Iraqi Prime Minister Mohammed Shia Al Sudani has ordered security forces to clamp down on rogue militias linked to Iran, who have launched a wave of attacks on US forces who are training the official army.
Security forces must “pursue the perpetrators of these attacks and not allowing under any circumstances any harm to security and stability,” he said on Monday.
Under the country's 2005 constitution, Iraq's prime minister is the commander in chief of the armed forces, but military power remains spread between powerful armed groups with differing political loyalties.
Tehran-allied militias began a surge of attacks on bases hosting US troops with drones and missiles last week, while pledging support for Hamas, which launched a massive surprise attack on Israel on October 7, killing 1,400, mostly civilians, and triggering Israeli bombing raids in Gaza, killing nearly 5,000, also mainly civilians.
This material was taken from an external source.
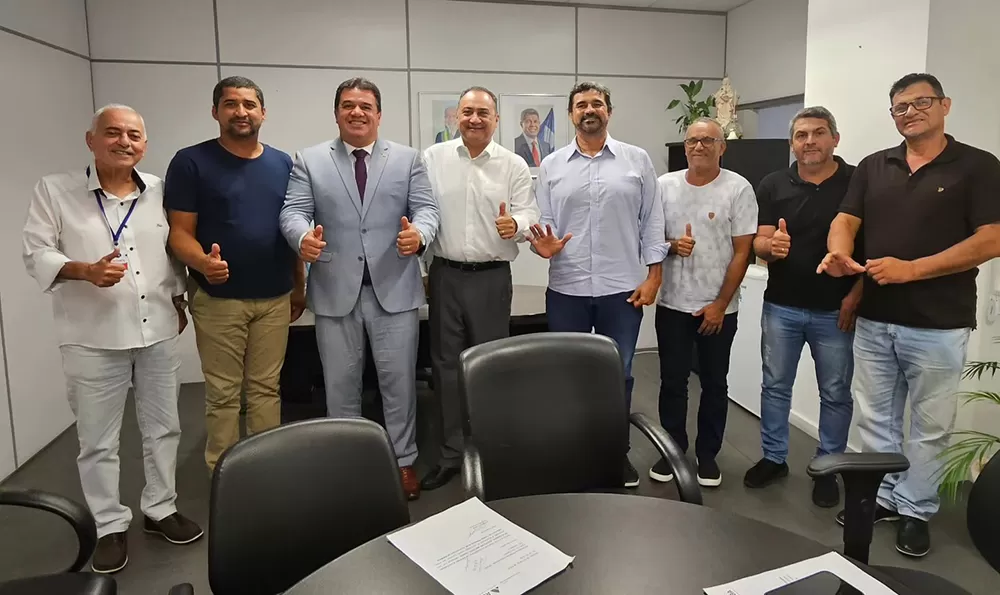 Deputado Marquinho Viana articula benefícios para municípios em audiência com Secretaria de Relações Institucionais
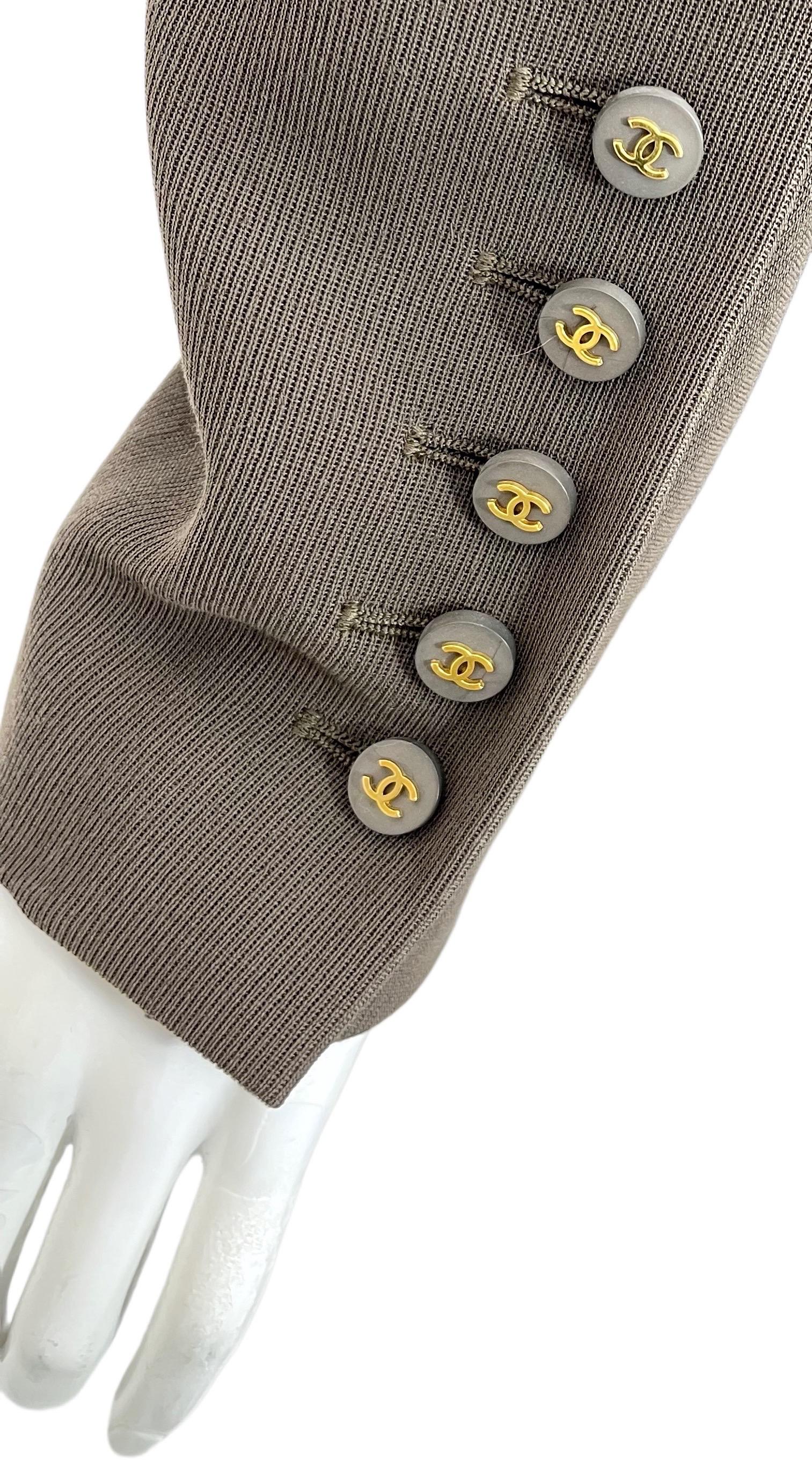 Chanel Fall 1994 Size 42 / 8 Vintage Army Olive Military Green Brown Skirt Suit For Sale 2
Attacks have hit Ain Al Asad in western Iraq, a military base near Baghdad's international airport and Harir in the northern Iraqi city of Erbil.
The militias say they are going after American troops because of Washington's support for Israel in its war with Hamas, a Palestinian armed group formed in the late 1980s, which was later backed by Iran. The Iraqi military, which owns the bases, has condemned the attacks, which have in the past killed and wounded Iraqi soldiers, as well as US personnel.
“We confirm our rejection of the attacks that target Iraqi bases which include the headquarters of international coalition advisers,” Iraqi military spokesman Yahya Rasool said.
Those troops, he said, are in Iraq “upon an invitation from the Iraqi government to continue their work in supporting our security forces through training and consultancy”.
Their presence is “based on a clear mechanism endorsed by the official and diplomatic channels and there can be no compromise on the security and safety of those forces”.
Mr Al Sudani, who took office in October 2022, was the nominee of the Iran-aligned Co-ordination Framework, the largest political group in the Iraqi parliament with 138 out of 329 seats. The group comprises powerful Iran-backed Shiite militias and political parties.
Since then, Washington has grown increasingly worried over the power of the Shiite militias. It has been pressing Iraq to introduce reforms mainly economic, urging it to boost relations with its neighbours to counter Iran's influence.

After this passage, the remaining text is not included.